Greenspan’s words make clear that he was a serial bubble-blower and has no concept of the damage his actions inflicted on the US economy. After all, the stock market euphoria during the latter half of the 1990s saw valuations soar to levels unprecedented in US financial history. At their peak in the spring of 2000, equities offered an inferior long-term real return than that available on risk-free Treasury inflation-protected securities. His predecessor, Volcker, observed the exuberance and declared: “The fate of the world economy is now totally dependent . . . on about 50 stocks, half of which have never reported any earnings.” Needless to say, the technology bubble sowed the seeds of its own demise and imploded as the lower cost of funds reflected in surging stock prices attracted competition like bees to honey.

Greenspan, who bought into this “new era”, claimed the tools available to the Fed could not have prevented the mania. However, the same man observed in 1996 that “if you want to get rid of the bubble”, increasing the requirements on margin debt “will do it”. He never did raise margin requirements and, as the market neared its peak, margin debt relative to GDP soared to the highest level since 1929.

The recession that inevitably followed betrayed Greenspan’s brave new world but he blamed 9/11 for the economy’s continuing malaise in early-2002. He lowered interest rates aggressively and held them almost four percentage points below that prescribed by the respected Taylor rule for almost a year.

Real interest rates were below the rate of inflation for two and a half years but the former Fed chairman demonstrated no concern in the face of rising home prices and explained that real estate “was especially ill-suited to develop into a bubble”.

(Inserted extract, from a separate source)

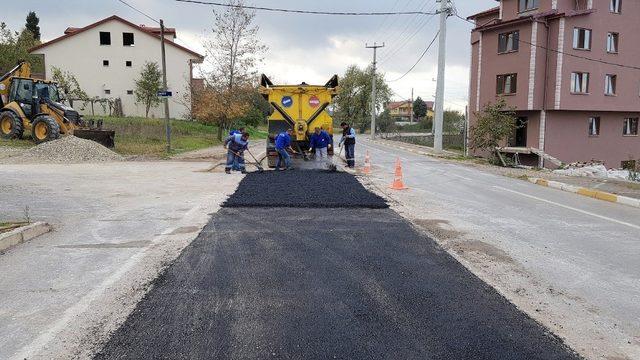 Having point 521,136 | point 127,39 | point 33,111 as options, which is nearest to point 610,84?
point 521,136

The potential threat to financial stability was dismissed as Greenspan marvelled at his achievements and observed that “new financial products – including derivatives, asset-backed securities, collateralised loan obligations, and collateralised mortgage obligations . . . have contributed to the development of a more flexible and efficient financial system”.

Greenspan’s asymmetric policy – ease quickly, tighten slowly – precipitated a nation’s love-affair with bricks-and-mortar that saw the ratio of median house prices to median income jump to three standard deviations above the historic norm. His belief that bubbles are undetectable in advance and the notion that housing is not well-suited to irrational exuberance on a national scale, proved to be extraordinarily incompetent and a massive disservice to the American people.

Unfortunately, Ben Bernanke is proving little different than his predecessor.

Artificially inflating stock prices simply won’t work without a proportional increase in long-term cash flows or a commensurate reduction in risk premiums. Hoping that consumers will bring consumption forward via increased borrowing that is premised on illusory gains in wealth is ludicrous.

An increase in security prices arising from the Fed’s asset purchases lowers expected returns and capital losses could ultimately be the result, should fundamentals fail to justify the higher valuations. America’s monetary authority is playing a dangerous game and its credibility is waning fast.